This gathering took place during the ENVI committee meeting with the European Commission and EFSA on infant formula recalls linked to cereulide contamination traced to arachidonic acid oil imported from China. MEPs also engaged with EFSA's scientific risk assessments and questioned import controls and industry accountability.

Van Dyck presented concrete policy proposals, including a lessons-learned exercise scheduled after the crisis and exploration of permanent EU legal limits specifying zero presence of cereulide in infant formula. The import control package demands 100% pre-certification from Chinese authorities and 50% border testing within the EU, with the possibility of a total import ban. However, critics such as Tilly Metz (Greens/EFA) and Laurence Trochu (ECR) argued the 50% testing threshold lacks robustness and called for greater assurances or relocation of sensitive ingredient production within Europe. The debate thus revealed differing stances on balancing import regulation stringency against business competitiveness and supply chain feasibility.

EFSA’s Mary Gilsenan focused on rapid scientific risk assessment, delivering harmonised incident thresholds within days to guide recalls, but highlighted that risk management such as recalls and border controls falls outside EFSA's remit.
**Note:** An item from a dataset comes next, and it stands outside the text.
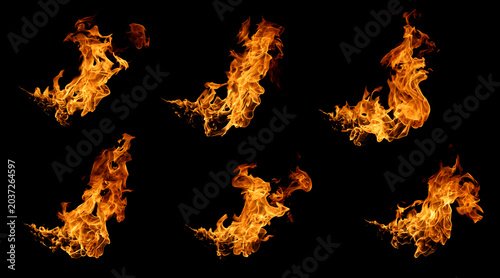 Tableau sur toile set abstract fire flame isolated black background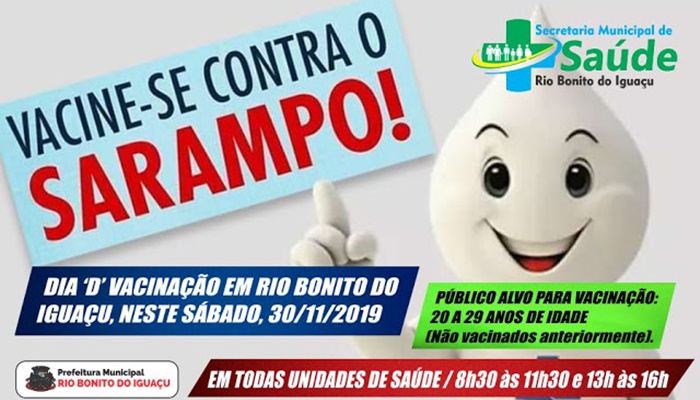 Rio Bonito - Saúde promove neste sábado, 30, o Dia “D” de vacinação contra o Sarampo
Some MEPs demanded faster and more transparent coordination and public warnings, emphasizing the potential health risks for infants and the resultant erosion of consumer trust.

Concerns extended to institutional coordination and producer responsibility, with questions raised over "silent recalls" and the effectiveness of communication to consumers. Various speakers called for improvements in traceability and alert systems to better safeguard vulnerable infants, pointing out the damage caused by inconsistent brand reactions and delayed governmental responses.

The debate also touched upon broader food sovereignty themes, with some advocating rethinking depending on globalized supply chains for critical infant food ingredients, suggesting relocation to European production for strategic control.

Stakeholders directly impacted include national food safety authorities tasked with enforcement, the infant formula industry facing increased compliance and border testing costs, EU consumers especially parents demanding safe infant nutrition, and EU bodies coordinating risk response. Stricter import controls aim to protect public health but possibly increase operational costs and supply chain complexities for producers. Enhanced transparency seeks to restore consumer confidence but requires administrative investments from authorities.

Following this session, the Commission plans to continue monitoring enforcement with Member States, advance the lessons-learned exercise, and consider legislative measures on permanent legal limits for cereulide contamination. The lively exchanges underscore ongoing debates over the EU's role in enhancing food safety standards, balancing regulatory robustness against trade fluidity, and ensuring effective protection of Europe's most vulnerable consumers—the infants.